Log Aggregation and Analysis: Making Sense of Distributed Systems

A single request in a modern distributed system can generate log lines from an API gateway, a load balancer, an authentication service, a business logic service, a database proxy, and a cache layer. The information you need to debug a problem is scattered across all of them.

Log aggregation collects these scattered log lines into a single searchable system where you can correlate events across services, trace a request end-to-end, and find the needle in a haystack of millions of log lines.

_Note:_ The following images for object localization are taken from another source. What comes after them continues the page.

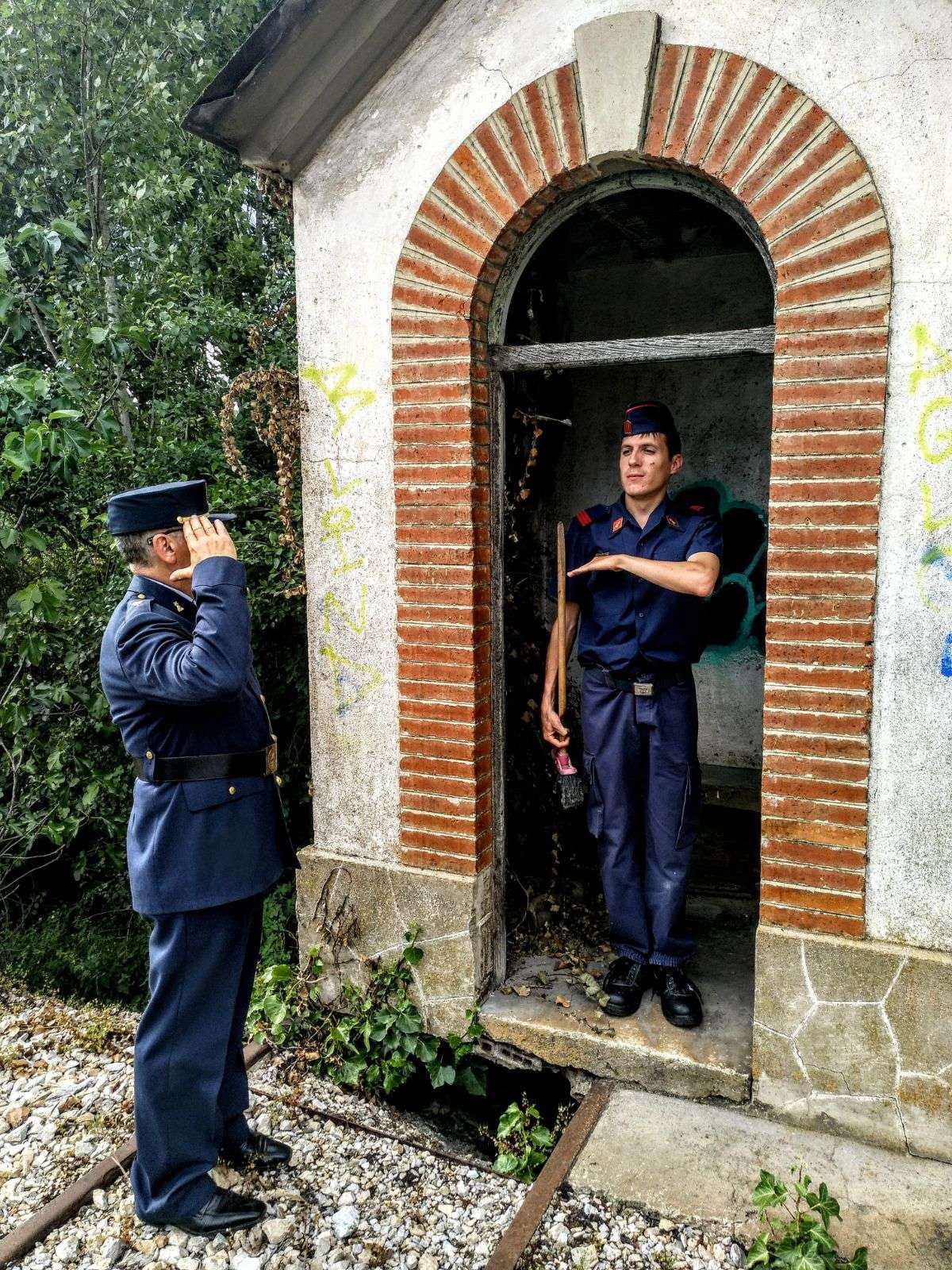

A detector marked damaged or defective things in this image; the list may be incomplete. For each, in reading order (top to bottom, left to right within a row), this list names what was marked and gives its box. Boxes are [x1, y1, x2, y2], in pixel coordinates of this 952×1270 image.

cracked concrete step [571, 1087, 952, 1270] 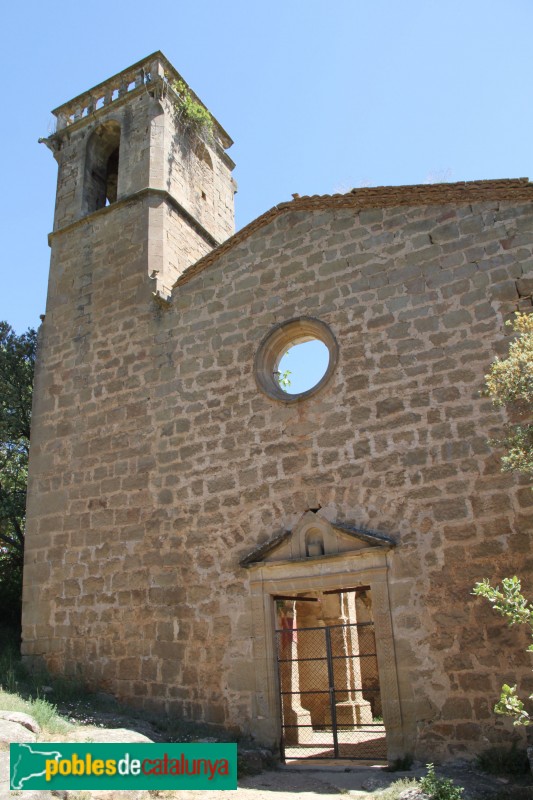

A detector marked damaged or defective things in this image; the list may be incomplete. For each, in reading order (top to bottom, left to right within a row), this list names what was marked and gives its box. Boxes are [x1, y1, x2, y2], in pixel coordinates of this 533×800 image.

rusty metal gate [274, 620, 386, 760] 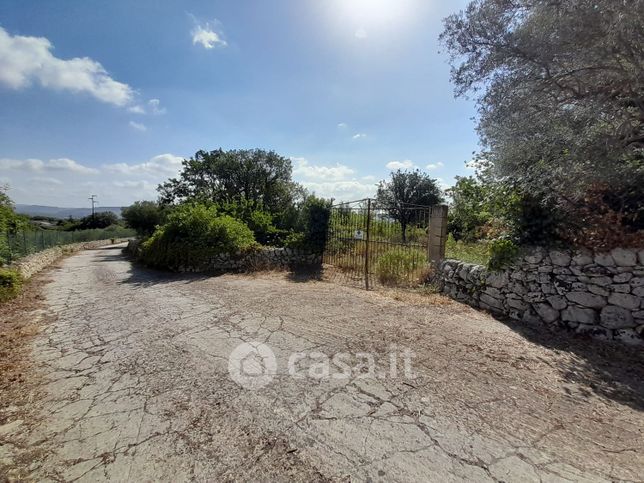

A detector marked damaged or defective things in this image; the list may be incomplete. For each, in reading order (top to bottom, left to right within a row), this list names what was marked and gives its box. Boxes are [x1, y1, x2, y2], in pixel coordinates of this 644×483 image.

rusty metal gate [324, 199, 446, 290]
cracked paved road [1, 248, 644, 482] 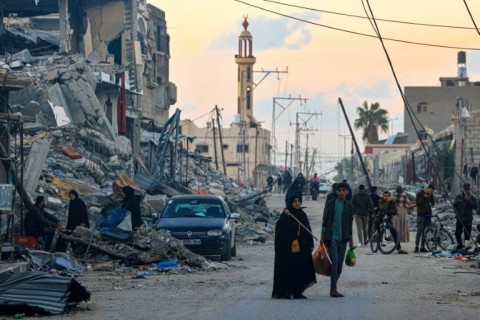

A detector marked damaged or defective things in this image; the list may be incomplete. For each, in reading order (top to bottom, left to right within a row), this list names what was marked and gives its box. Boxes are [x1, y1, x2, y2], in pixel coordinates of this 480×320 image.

bent street pole [336, 97, 374, 190] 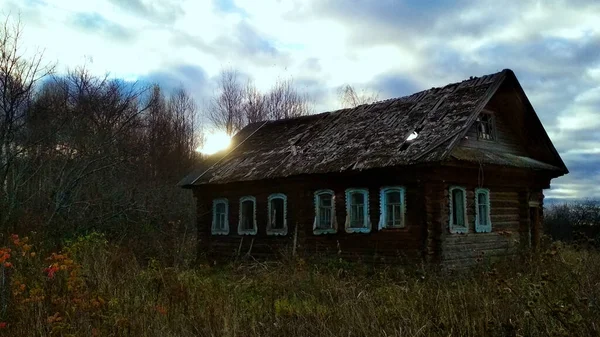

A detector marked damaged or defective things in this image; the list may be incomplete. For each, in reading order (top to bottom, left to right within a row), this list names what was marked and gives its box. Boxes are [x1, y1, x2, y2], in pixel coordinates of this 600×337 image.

Structured Logging Standard

❌ Unstructured (grep-hostile):
  2024-03-15 14:23:45 INFO User john@example.com logged in from 192.168.1.1

✅ Structured (query-friendly):
  {
    "timestamp": "2024-03-15T14:23:45.123Z",
    "level": "info",
    "service": "auth-api",
    "message": "User login successful",
    "user_id": "usr_abc123",
    "email": "john@example.com",
    "ip": "192.168.1.1",
    "trace_id": "abc-def-123",
    "request_id": "req-789",
    "duration_ms": 145
  }

Required Fields

Field	Purpose	Example
`timestamp`	When (ISO 8601, UTC)	`2024-03-15T14:23:45.123Z`
`level`	Severity	`debug`, `info`, `warn`, `error`, `fatal`
`service`	Which service	`checkout-api`, `user-service`
`message`	What happened (human-readable)	`Payment processed successfully`
`trace_id`	Distributed trace correlation	`abc-def-123`
`request_id`	Single request identifier	`req-789`

Optional But Valuable

Field	Purpose
`user_id`	Who triggered this action
`duration_ms`	How long the operation took
`error_code`	Specific error classification
`stack_trace`	For error logs, the full stack trace
`environment`	production, staging, development
`version`	Application version / commit hash

Collection Architecture

Application Pods                  Collection               Storage & Search
┌─────────────┐
│ App + Logger │──→ stdout ──→ ┌──────────────┐     ┌───────────────────┐
└─────────────┘                │              │     │                   │
┌─────────────┐                │  Log Agent   │────→│  Central Store    │
│ App + Logger │──→ stdout ──→ │  (Fluent Bit,│     │  (Elasticsearch,  │
└─────────────┘                │   Vector,    │     │   Loki, Datadog,  │
┌─────────────┐                │   Fluentd)   │     │   CloudWatch)     │
│ App + Logger │──→ stdout ──→ │              │     │                   │
└─────────────┘                └──────────────┘     └───────────────────┘
                                     │
                               Enrichment:
                               - Add K8s metadata
                               - Parse JSON
                               - Sample debug logs
                               - Buffer for reliability

Tool Comparison

Tool	Type	Best For	Cost Model
ELK Stack (Elastic, Logstash, Kibana)	Self-hosted	Full control, complex queries	Infrastructure cost
Grafana Loki	Self-hosted / Cloud	Cost-effective, label-based	Ingestion volume
Datadog Logs	SaaS	Unified observability, ease of use	Per GB ingested
AWS CloudWatch	SaaS (AWS)	AWS-native, simple setup	Per GB ingested + stored
Splunk	Self-hosted / SaaS	Enterprise, complex analytics	Per GB indexed (expensive)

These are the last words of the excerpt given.